サハラ砂漠の奥深くには、空を見上げる巨大な「目」のような地形があります。地上からはその大きさと砂のために全体の形が分かりませんが、宇宙からははっきりと見ることができます。これはモーリタニアにある「リシャット構造」と呼ばれる地形で、直径は約四十キロメートルもあります。
NASAの宇宙飛行士であるジェシカ・メイヤー氏は、国際宇宙ステーションからこの美しい地形を撮影しました。彼女は、その日の光と色がとても芸術的だったと話しています。この地形は、一九六五年にジェミニ四号の宇宙飛行士が発見して以来、多くの宇宙飛行士に愛されてきました。
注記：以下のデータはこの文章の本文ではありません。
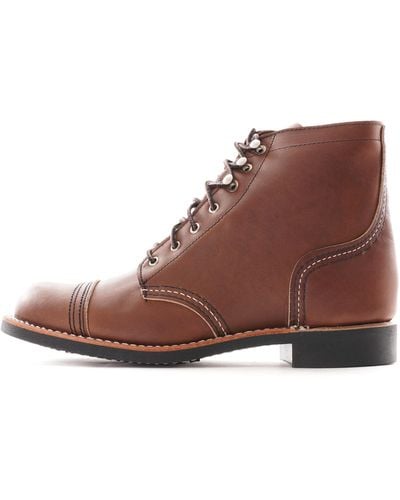 Red Wing Iron Ranger Womens Boot - Brown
科学者たちは最初、隕石が落ちてできた穴だと考えていましたが、その後の研究で、地球の活動によって作られたことが分かりました。何百万年も前にマグマが地面を押し上げ、その後、長い時間をかけて雨や風が弱い岩を削ったことで、このような丸い模様ができたのです。
この場所からは、大昔の石器も見つかっており、古い時代から人間が暮らしていたことが分かっています。しかし、彼らはあまりにも巨大なこの模様に気づくことはありませんでした。現在もこの「アフリカの目」は、宇宙から地球を見つめ続けています。